--- START ---
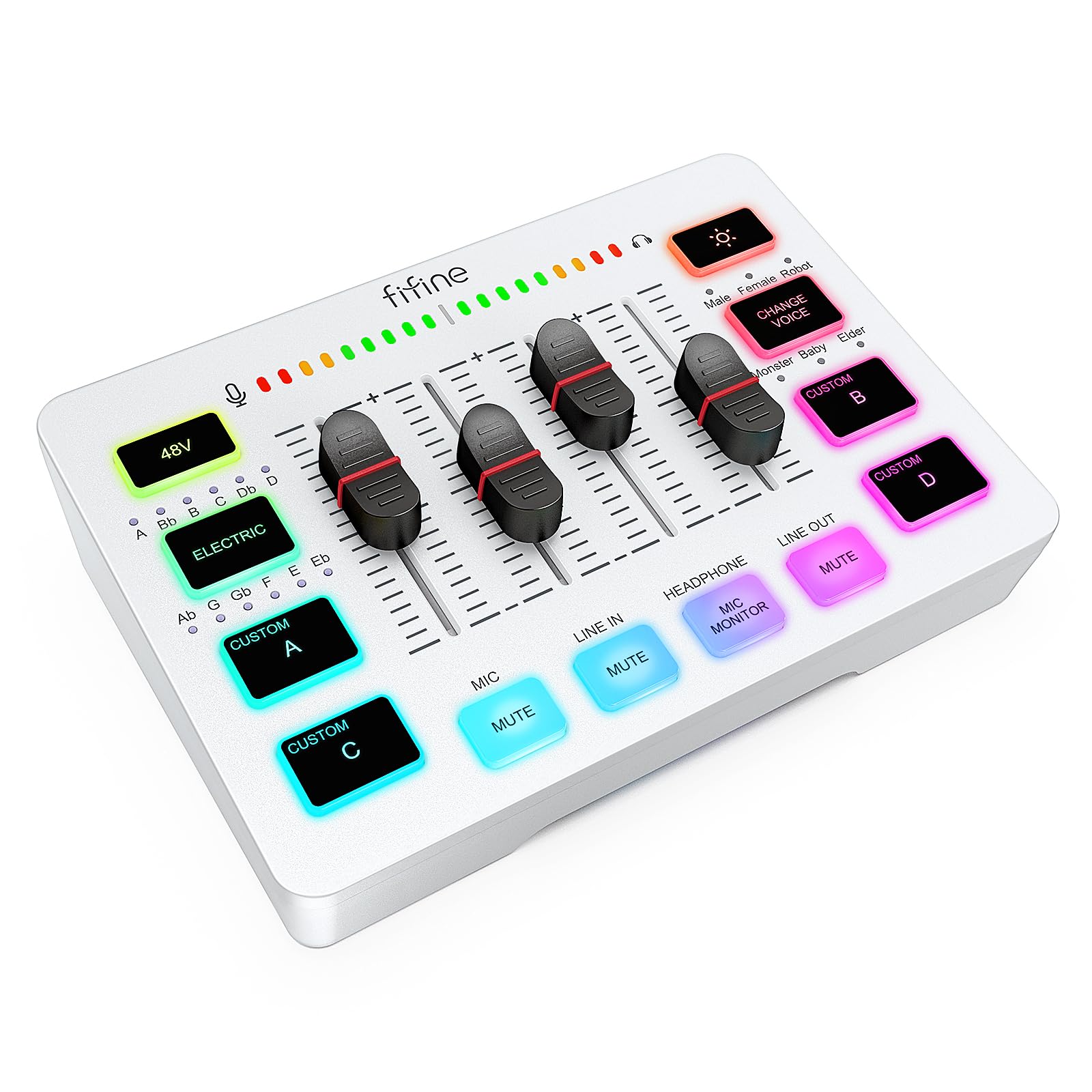 fifine gaming audio mixer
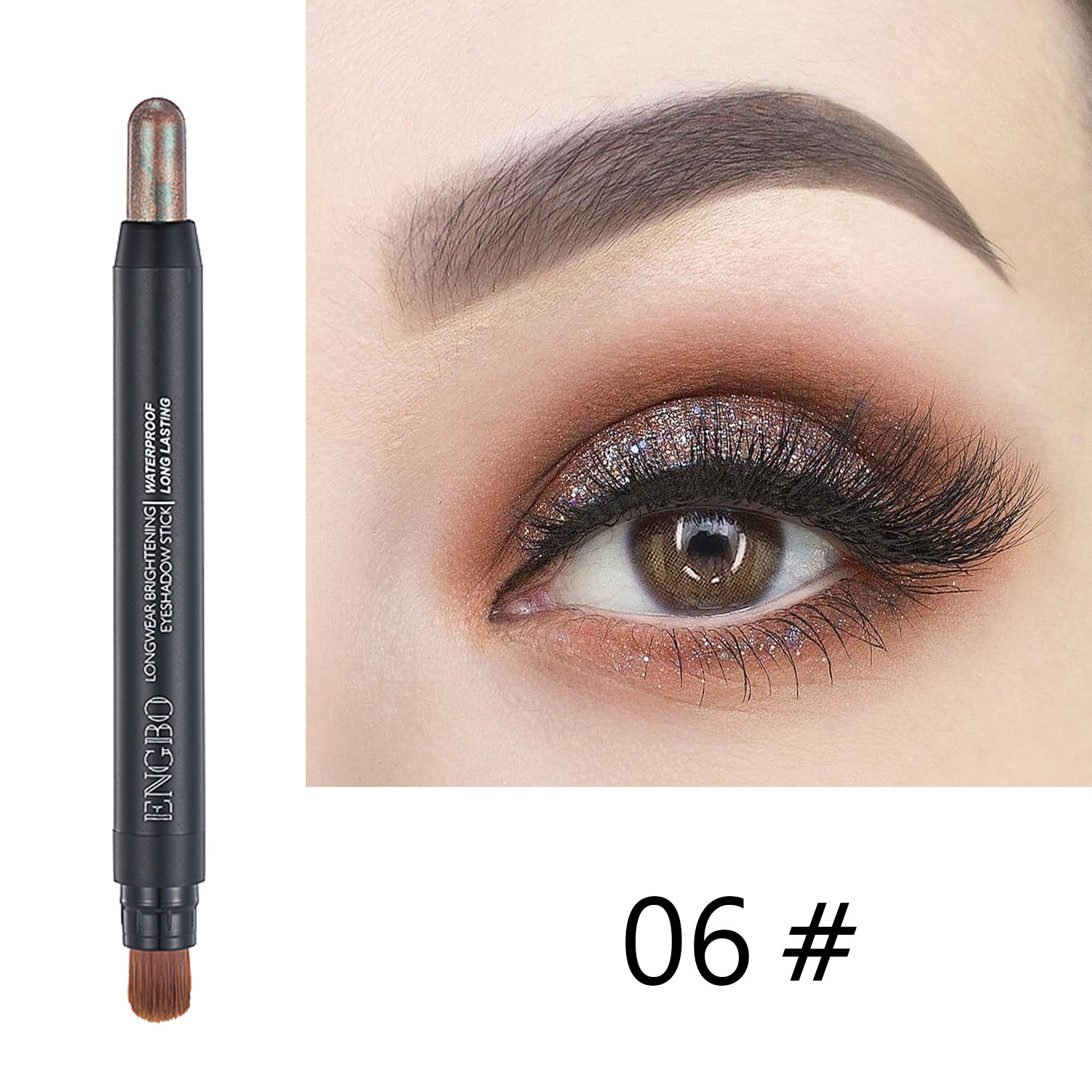 ENGBO Foreign Trade Double-tipped eyeshadow Pen Amazon Best-selling Eyeshadow Pen Set Long-lasting pearlescent Cross-border Eyeshadow undefined
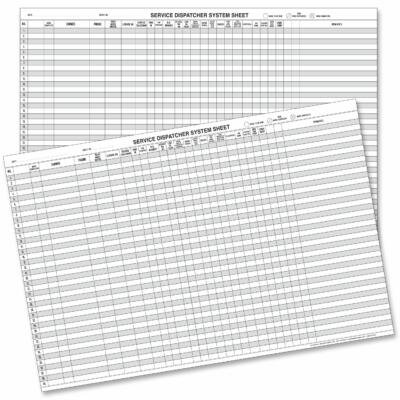 Service Dispatcher Sheets auto dealer supply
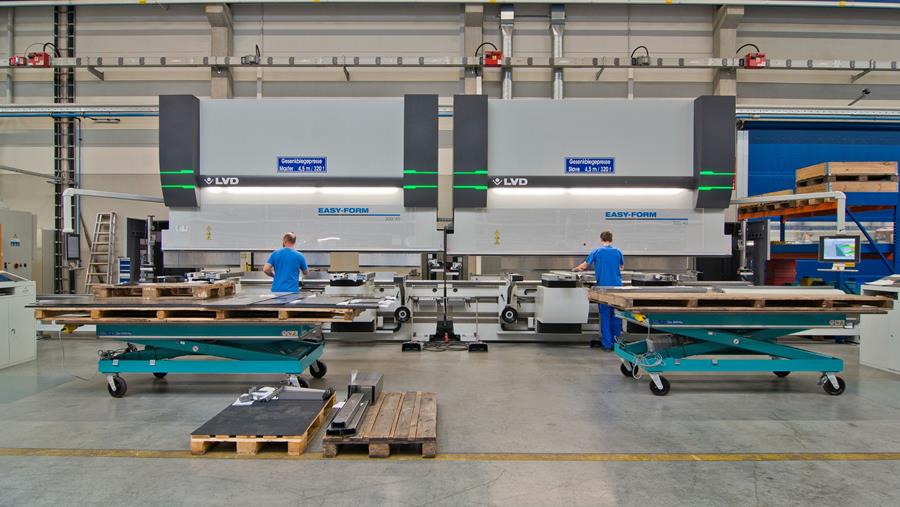 De onstuitbare opmars van hightech plooimachines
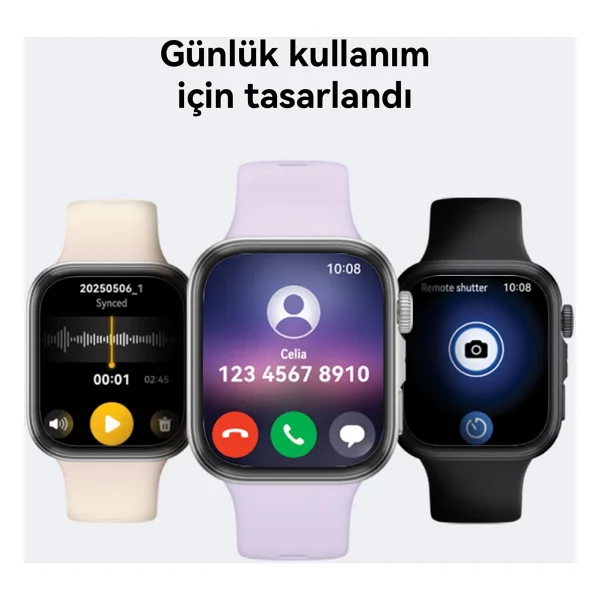 Huawei Watch Fit 4 Siyah Kauçuk Kayış Akıllı Saat - Görsel 10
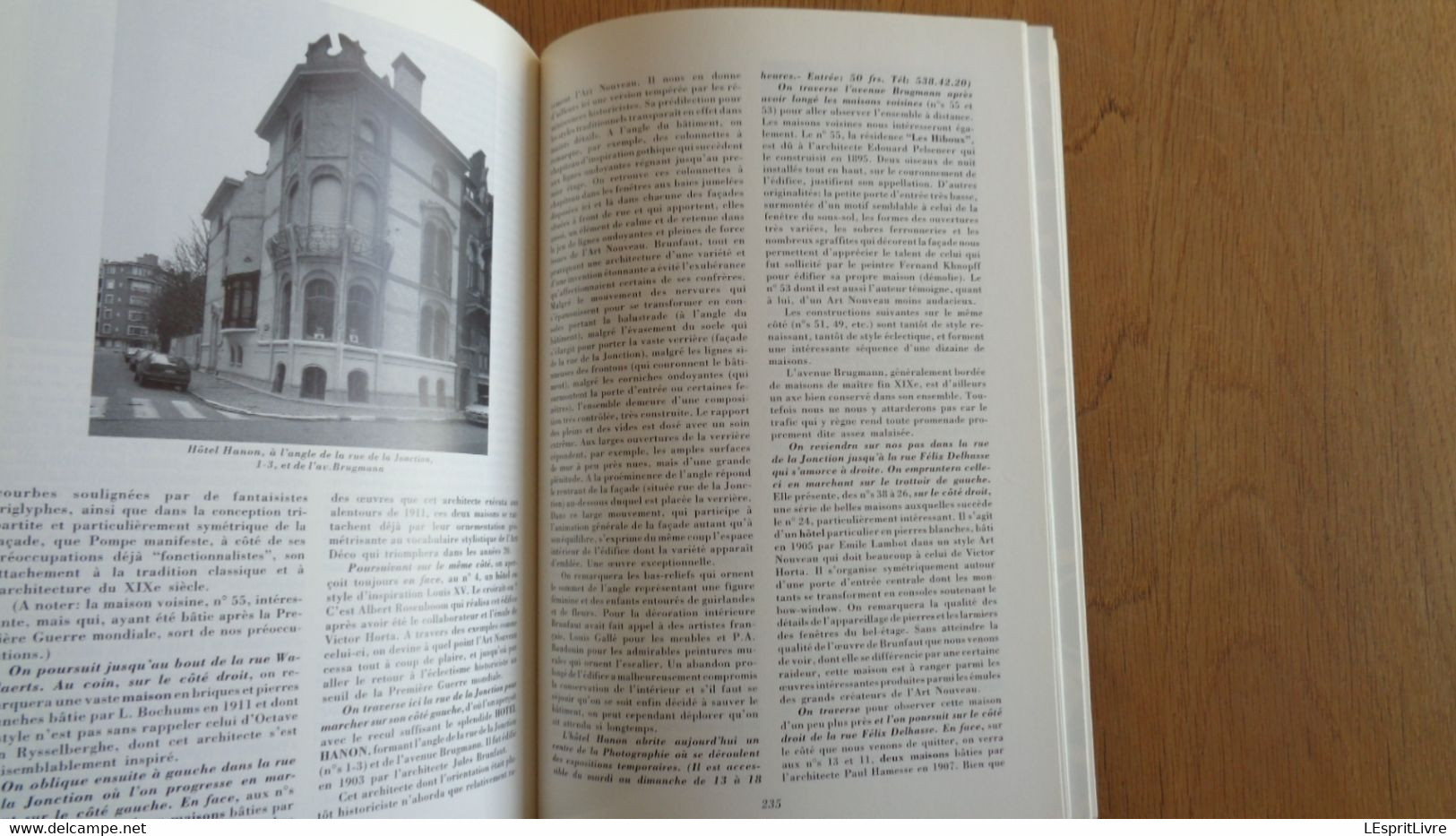 GUIDE DE BRUXELLES 19 ème et Art Nouveau Régionalisme Brabant Horta Architecture Watermael Schaerbeek Maison Hôtel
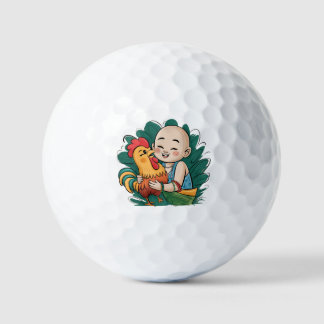 Balles de golf | Chloe Bébé Embrasse Le Coq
--- END ---
◆ THE PROBLEM: Your task is to print exactly the lines from the one containing "ENGBO Foreign Trade" through the final line of the records above, with no pictures and nothing more.

◆ RESPONSE:
 ENGBO Foreign Trade Double-tipped eyeshadow Pen Amazon Best-selling Eyeshadow Pen Set Long-lasting pearlescent Cross-border Eyeshadow undefined
 Service Dispatcher Sheets auto dealer supply
 De onstuitbare opmars van hightech plooimachines
 Huawei Watch Fit 4 Siyah Kauçuk Kayış Akıllı Saat - Görsel 10
 GUIDE DE BRUXELLES 19 ème et Art Nouveau Régionalisme Brabant Horta Architecture Watermael Schaerbeek Maison Hôtel
 Balles de golf | Chloe Bébé Embrasse Le Coq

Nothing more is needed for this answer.